Publication: THE SEATTLE TIMES

Kenny Easley, headhunter, maniac, ruthless merchant of blood and doom between the white lines, zeroes in for the attack.

Staring, measuring his opponent, he waits. He strikes.

“Goo-goo, ga-ga. Oooh-dah. Boo, boo, boo.”

A diaper for a shoulder pad, the new child Kendrick on the diaper, Easley has struck, and judging from the tiny laughter, won again. Another notch on his belt, he looks over the top of his half-height executive reading glasses and says, you know, people don’t understand me. They don’t understand what I do or why I do it. They don’t know me.

He’s right. No one knows Kenny Easley.

In a way, of course, everybody who follows professional football knows Kenny Easley, at least a piece of him. The piece they know is Easley the All-Pro, all-mean strong safety for the Seattle Seahawks, the former Player of the Year, the man expected to help lead the Seahawks to new glories in the season beginning today. But there are a lot of other little pieces of Kenny Easley, so many pieces scattered so far apart, that few people see very many of them. And he doesn’t want them to. Even Easley sometimes has a hard time putting Easley together.

Is he Easley the cheap-shot artist or Easley the thinking man’s football player? Is he Easley the adoring father or Easley the adored star? Easley the sullen loner or Easley the community man?

I am not and should not be a role model, he tells you. Yet you drive downtown and see his mug plastered all over a thousand Metro buses telling kids that he cares. People at the Griffin Home for Boys say he came into their midst unbidden and is the best role model their wayward kids have ever had. He shows up some nights uninvited just to chat. He goes to other schools and lectures on the evil of drugs.
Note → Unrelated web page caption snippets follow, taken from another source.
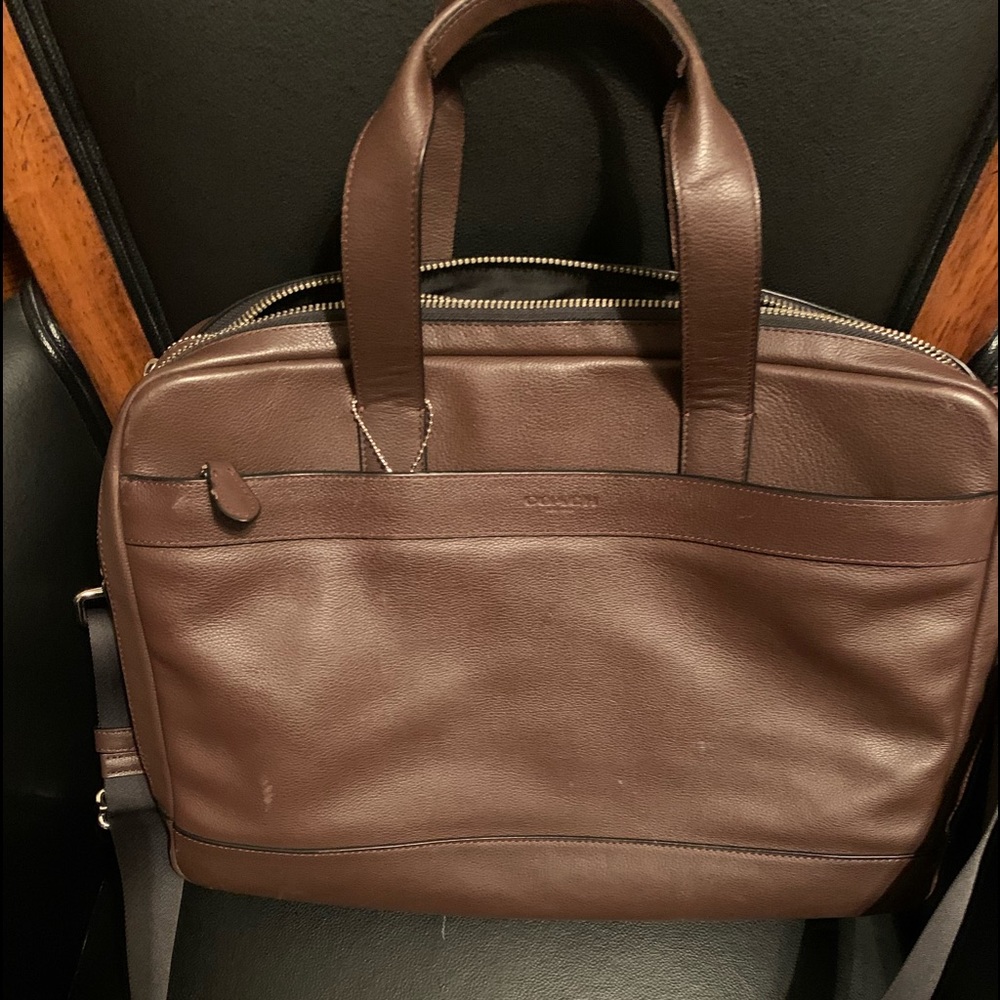 Coach Leather Briefcase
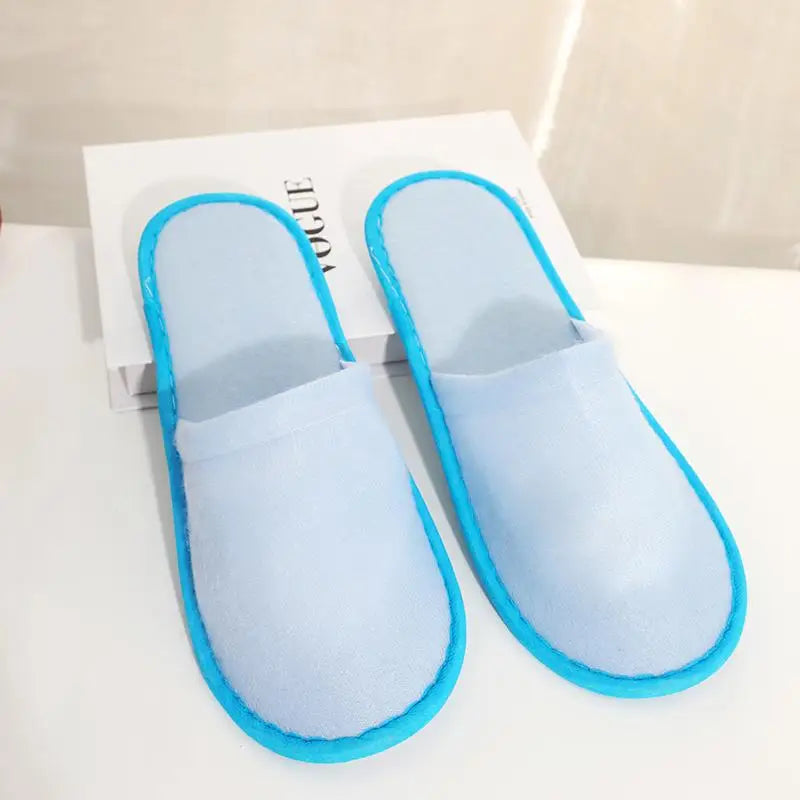 Women Indoor Slipper travel portable Spa Hotel Slipper Spring Summer shoes Woman House Flat Floor Soft Silent Slides for Bedroom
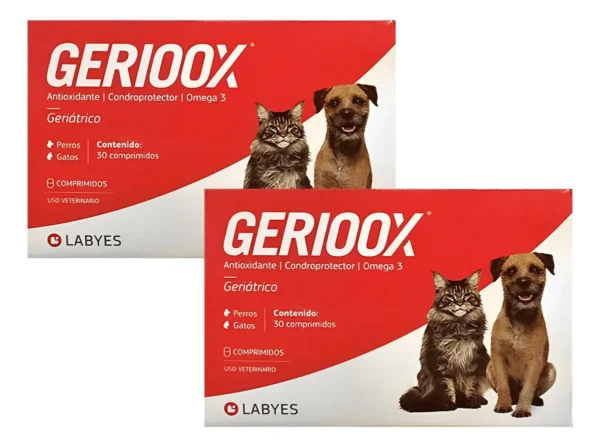 Condroprotector para Perros y Gatos Gerioox x60 Comprimidos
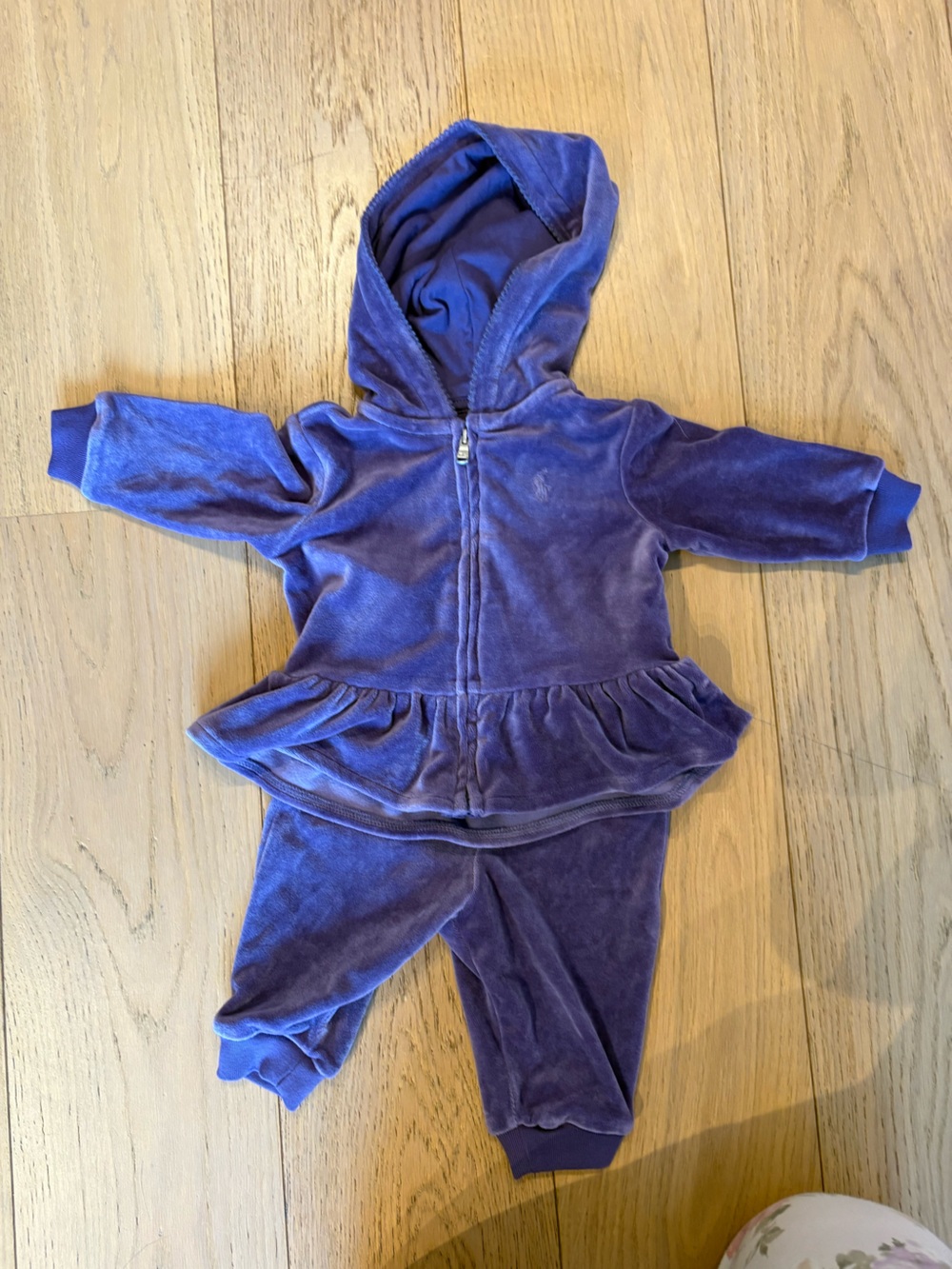 Ralph Lauren velour set - size 6 months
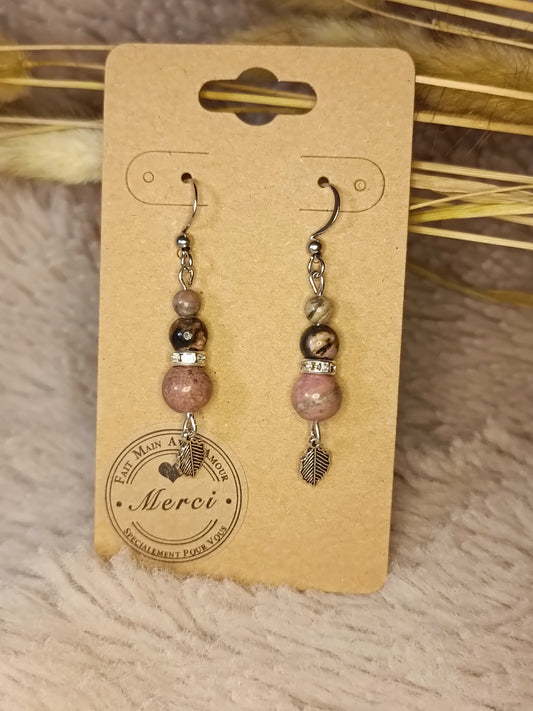 Boucles d'oreilles pendantes ZOÉ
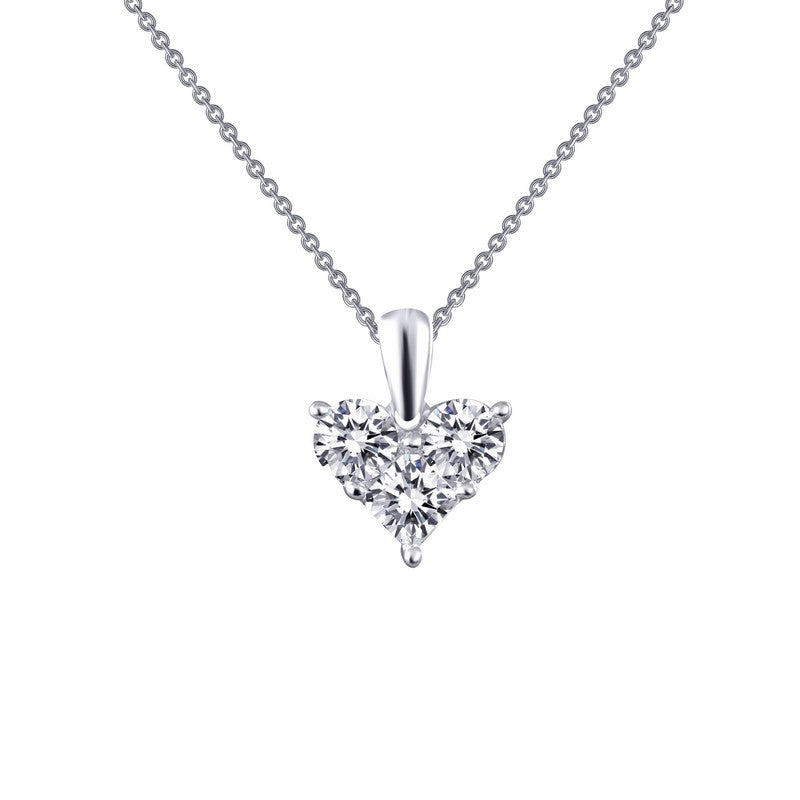 Lassaire Diamond Swirl Heart Necklace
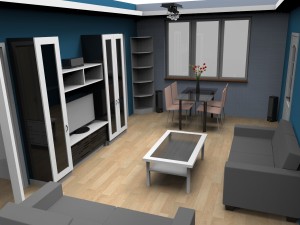 flat interior 3D Model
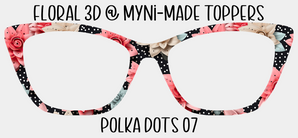 Floral 3D Polka Dots 07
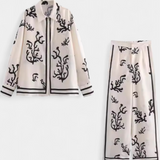 Nazaret Σετ με Φαρδύ Παντελόνι και Καλλιτεχνική Στάμπα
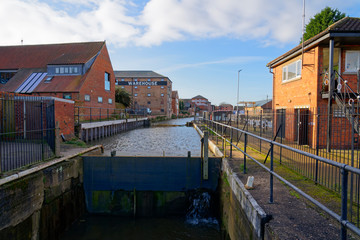 Entrance to the former dry dock at Newark Town Lock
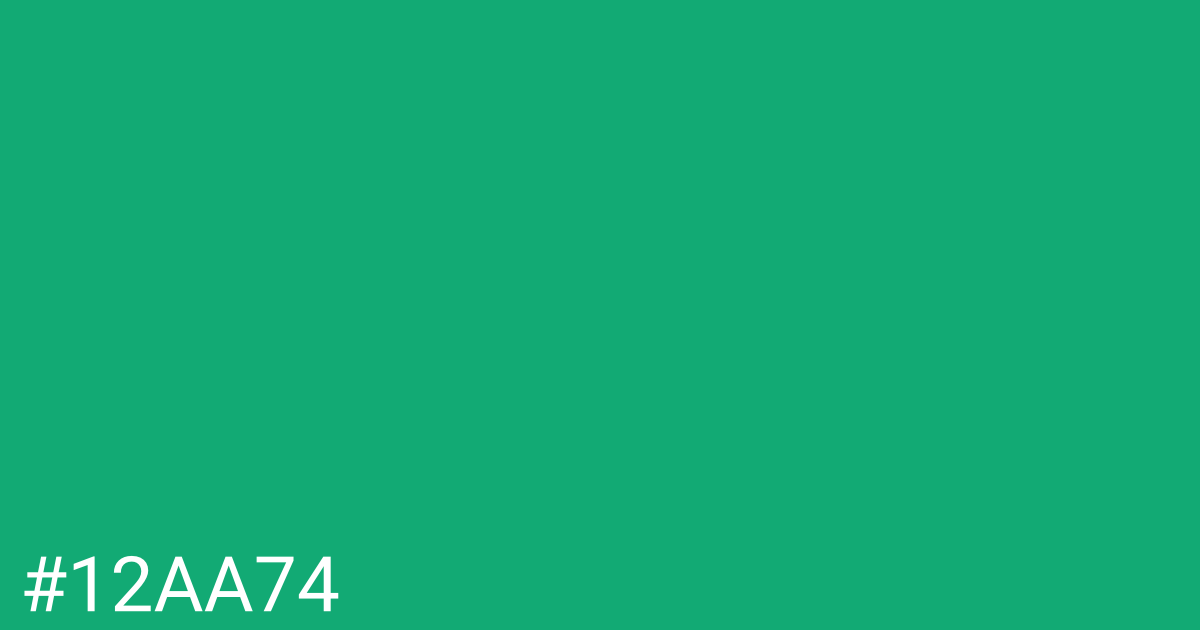 Hex color #12aa74 graphic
“It’s not a shortcut to success. Ultimately, it’s just a shortcut to death. If I made it naturally, why can’t you?” he recently told a rapt audience of Gig Harbor prep football players, explaining to them the waste that was the cocaine death of Don Rogers, a football player and a friend of Easley’s.

Asked later how he reconciled his willingness to give strong advice with his insistence that he not be regarded as a role model, he says there is no conflict.

“That was real. There’s no hero worship in that. That’s just straight, hard-line, bottom-out facts. There’s an unwanted pressure of being a model, a hero, being an athlete. I certainly don’t welcome it and I don’t try to live up to it.

“I don’t go around with a banner and a board, saying: Here comes Kenny Easley, superstar. They don’t need that. They don’t need a false prophet. All you’re doing is setting a kid up to be let down. All they need is hard facts. My friend died because of his stupidity.

That’s a fact. That’s what I told them.”

The fact is, being an athletic star these days is a complicated business. All of the attention focused on a star’s non-athletic attributes has confused the role. The indiscretions of many and the deaths of a few have further fogged the issue. How is a modern athlete to act? What is his role? What responsibilities does he have? The athletic part of it might be the easiest. It certainly is the most pleasurable.

When younger and simpler, Kenny Easley was a gifted and dedicated athlete with no time for anything else. He cannot recall a single significant personal relationship from his school days except for the one he developed with his football coach at Oscar Smith High in Chesapeake, Va.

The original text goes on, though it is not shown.